DATA
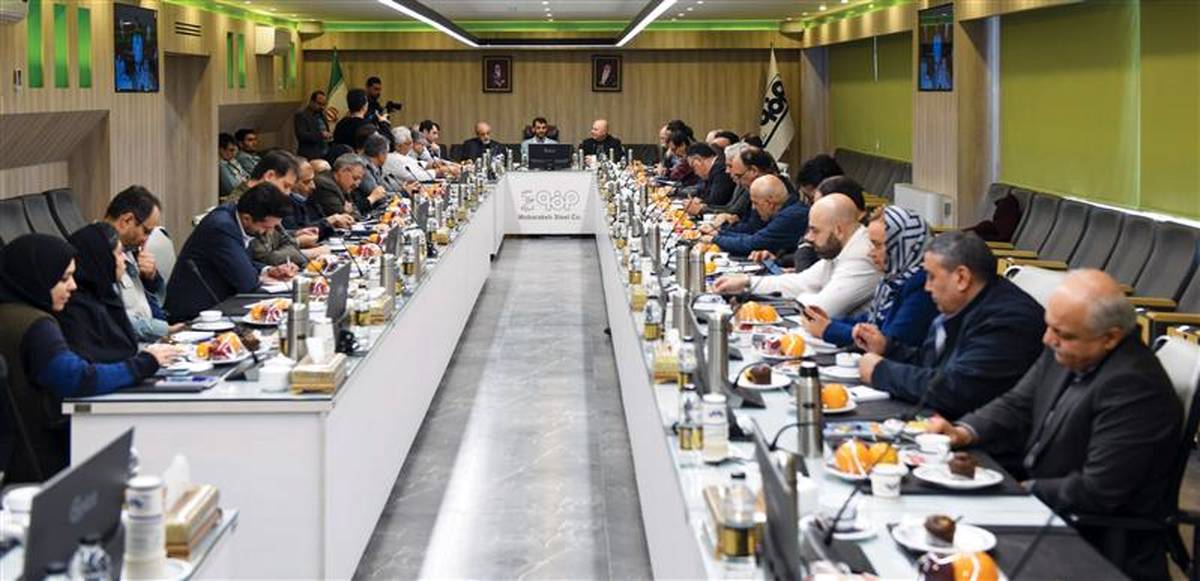 قطعی برق به صنعت فولاد ۸.۵ میلیارد دلار خسارت وارد کرد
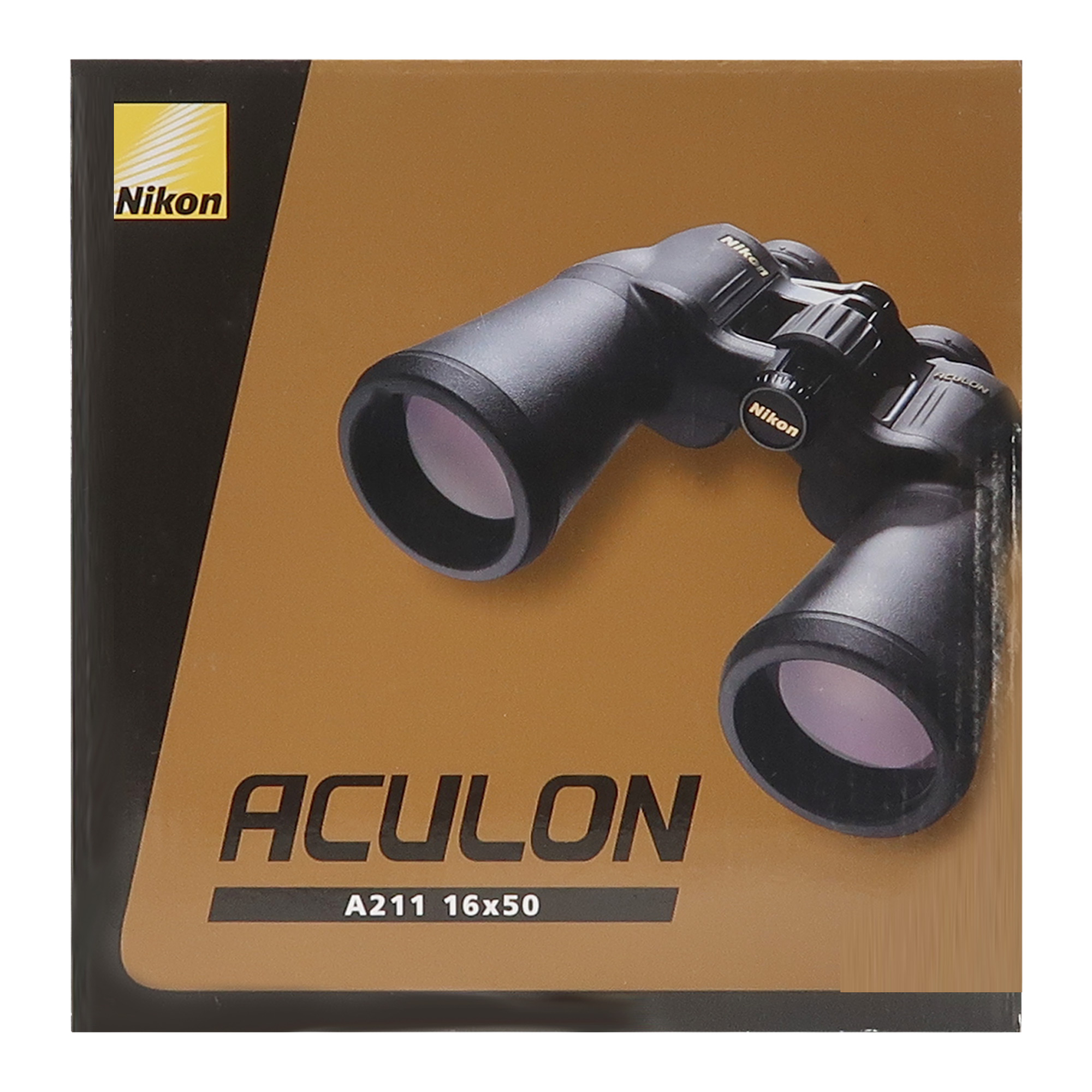 Foto 4 | Binoculares Nikon Aculon A211 16x50 Con Trípode Y Mochila - Venta Internacional.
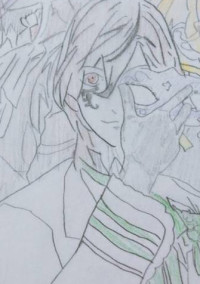 うた☆プリキャラと学校で…!?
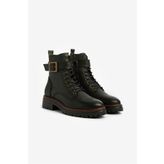 Barbour Heidi Ayakkabı BK52 Black
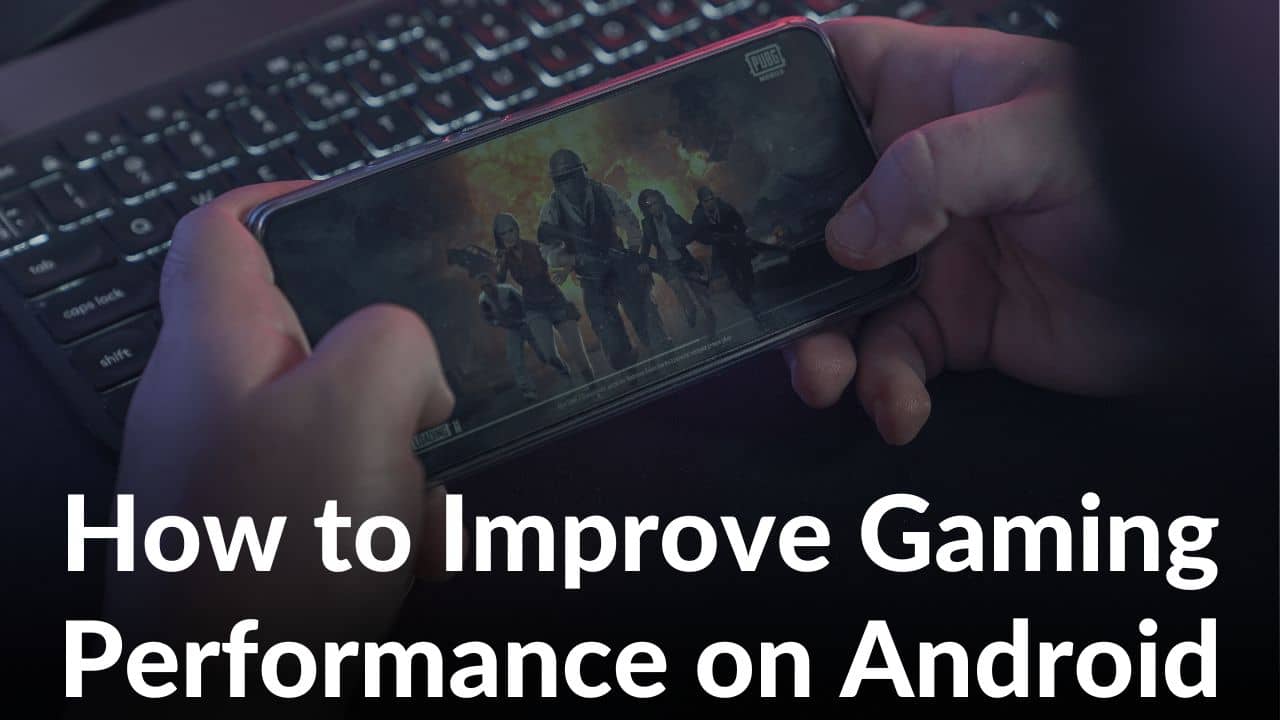 How to Optimize Mobile Game Performance for Smooth Gameplay
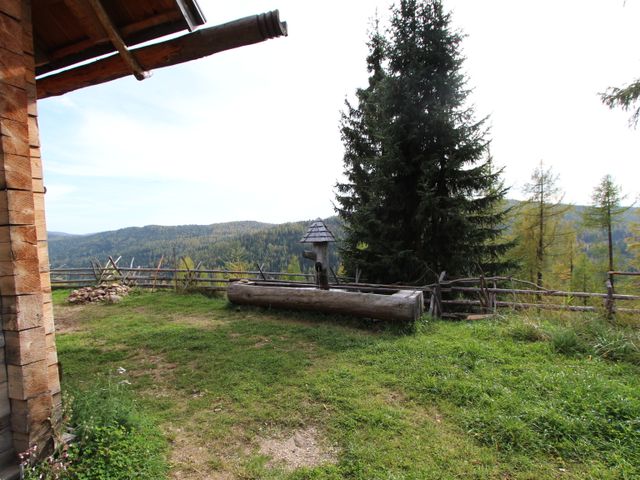 Almhütte nähe Prebersee in Tamsweg im Land Salzburg BER-SBG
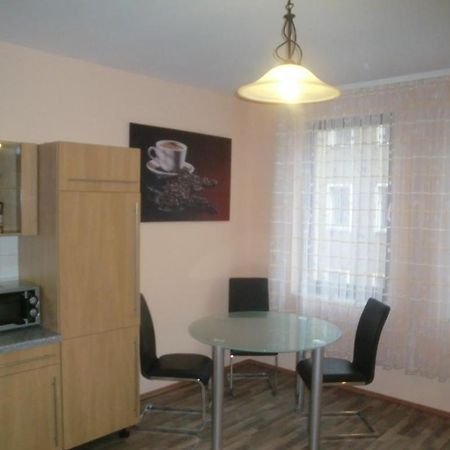 City Apartment In Nuernberg Am Bahnhof Oda fotoğraf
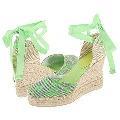 Enzo Angiolini Leigh Medium Green Multi
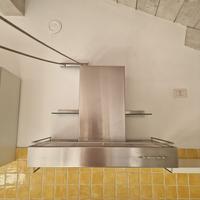 Cappa da cucina Miele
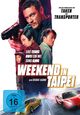 Weekend in Taipei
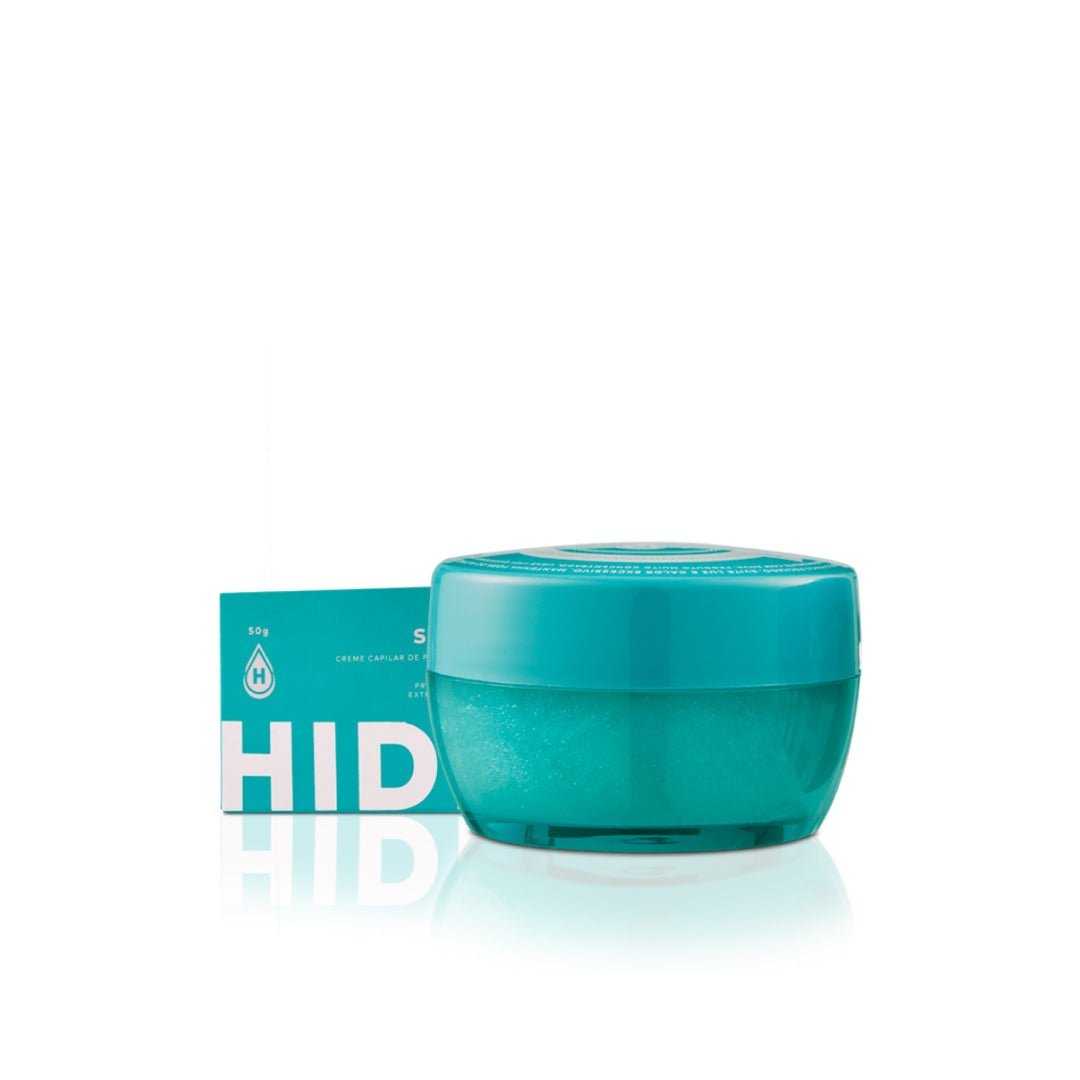 Dupla Óleo Multifuncional + SHRP - Hidratei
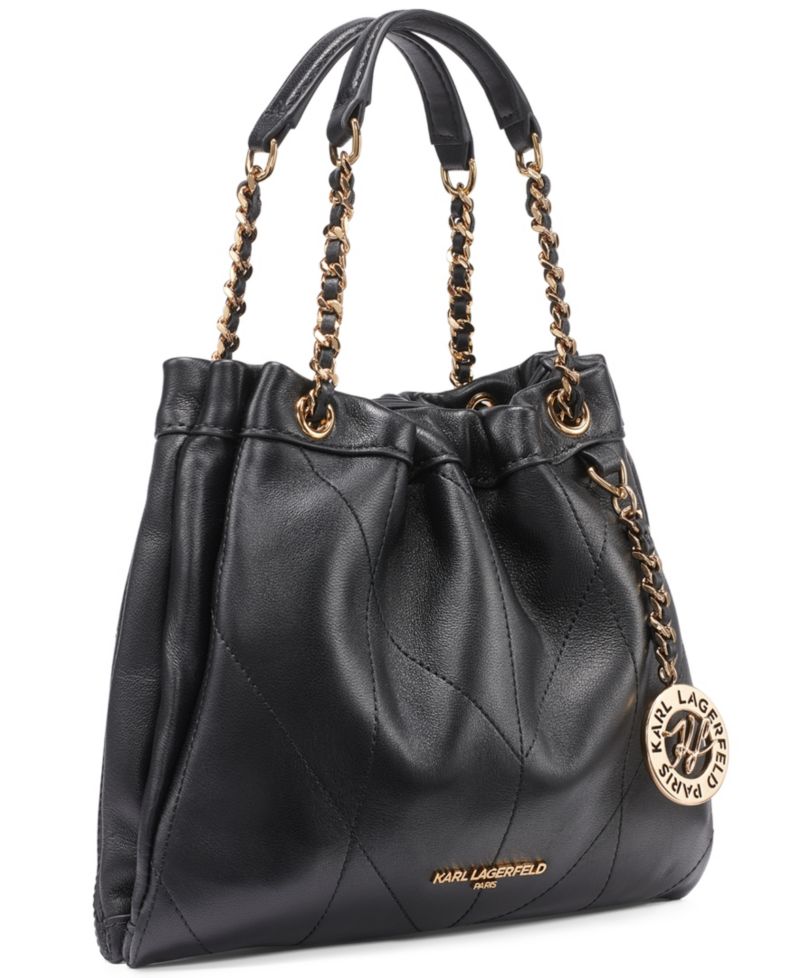 Amandine Small Crossbody Handbag
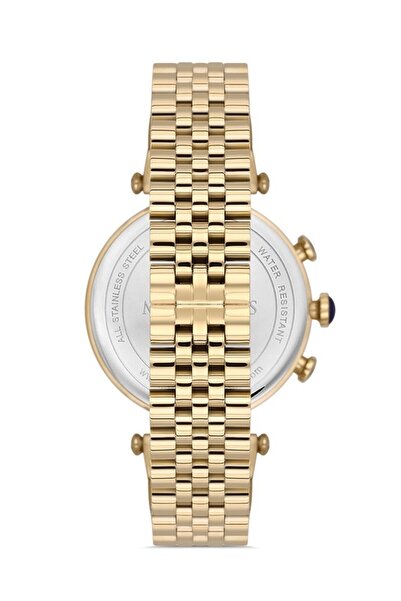 Momentus CS387G-02SG KADIN KOL SAATİ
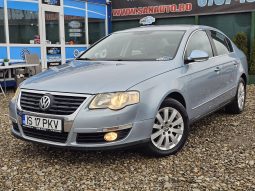 Volkswagen Passat 2.0 TDI Comfortline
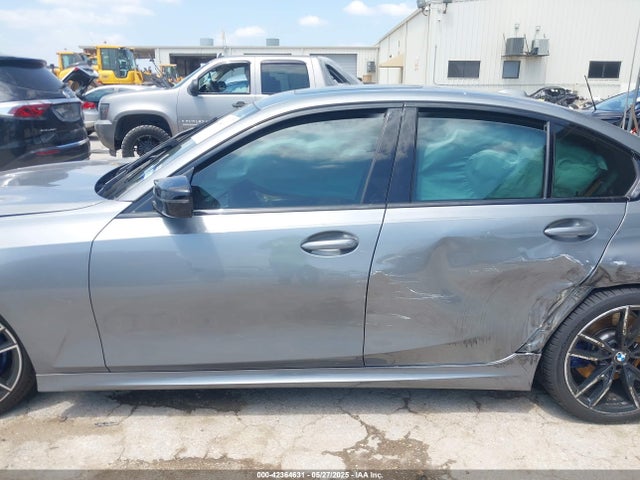 3MW49FS01P8D06094 BMW M340I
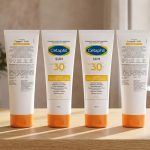 Cetaphil Sun SPF 30 Very High Protection Light Gel (100ml)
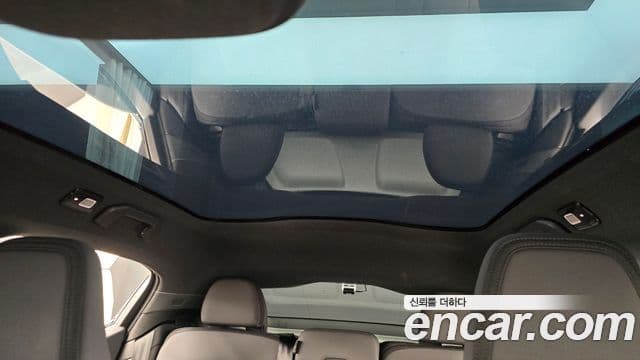 Polestar Polestar 2 Long Range один мотор, 2022 18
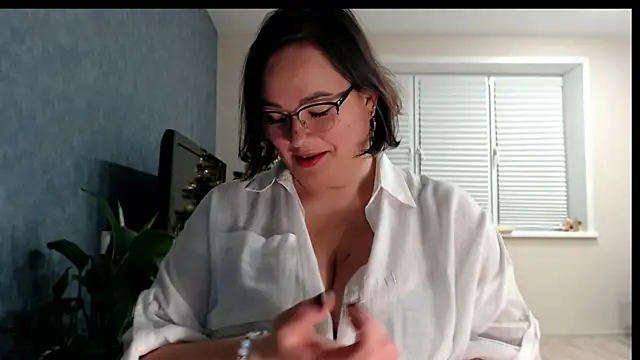 Nora_Star's cam snapshot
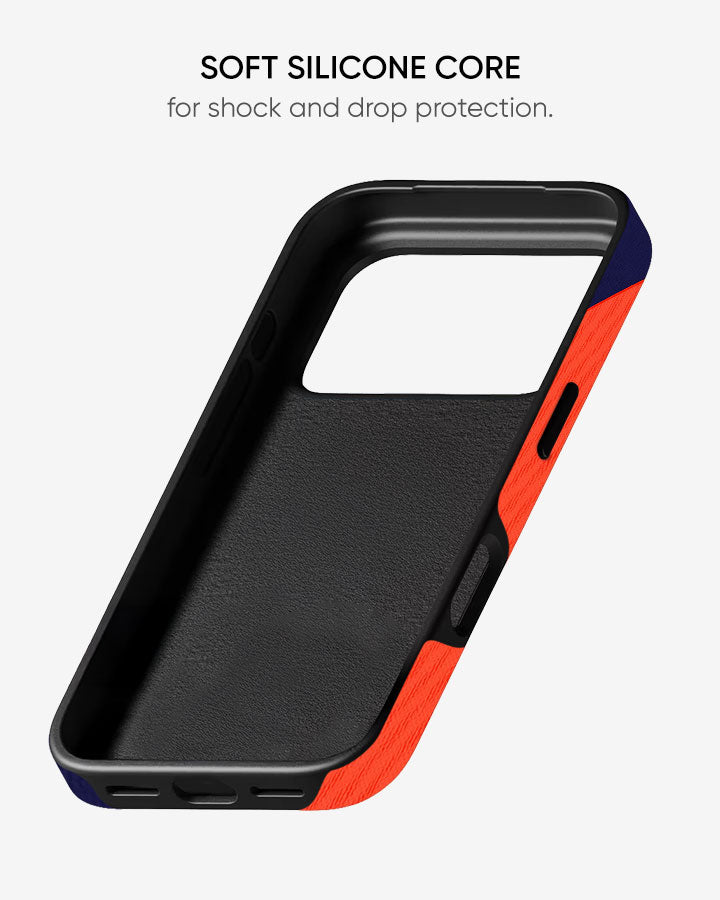 Barca Third 25/26 Dual-Guard Armor Case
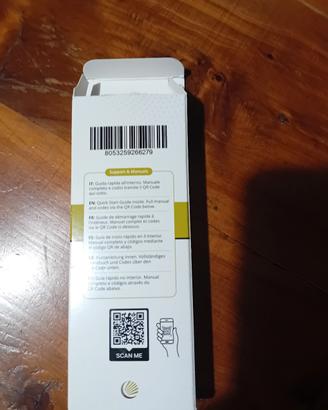 telecomando universale condizio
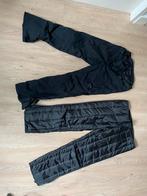 Broek Difi maat L, met losse wintervoering zgan, Motoren, Kleding | Motorkleding, Ophalen, Tweedehands, Broek | textiel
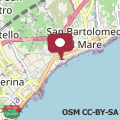 Mappa Dianostellamarina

HOW TO COMPLETE THIS TASK
Repeat, line for line and exactly, the material from its first line through the line that contains "Broek Difi maat", both ends included; no pictures belong in the copy.

OUTPUT FOR THIS TASK
 قطعی برق به صنعت فولاد ۸.۵ میلیارد دلار خسارت وارد کرد
 Foto 4 | Binoculares Nikon Aculon A211 16x50 Con Trípode Y Mochila - Venta Internacional.
 うた☆プリキャラと学校で…!?
 Barbour Heidi Ayakkabı BK52 Black
 How to Optimize Mobile Game Performance for Smooth Gameplay
 Almhütte nähe Prebersee in Tamsweg im Land Salzburg BER-SBG
 City Apartment In Nuernberg Am Bahnhof Oda fotoğraf
 Enzo Angiolini Leigh Medium Green Multi
 Cappa da cucina Miele
 Weekend in Taipei
 Dupla Óleo Multifuncional + SHRP - Hidratei
 Amandine Small Crossbody Handbag
 Momentus CS387G-02SG KADIN KOL SAATİ
 Volkswagen Passat 2.0 TDI Comfortline
 3MW49FS01P8D06094 BMW M340I
 Cetaphil Sun SPF 30 Very High Protection Light Gel (100ml)
 Polestar Polestar 2 Long Range один мотор, 2022 18
 Nora_Star's cam snapshot
 Barca Third 25/26 Dual-Guard Armor Case
 telecomando universale condizio
 Broek Difi maat L, met losse wintervoering zgan, Motoren, Kleding | Motorkleding, Ophalen, Tweedehands, Broek | textiel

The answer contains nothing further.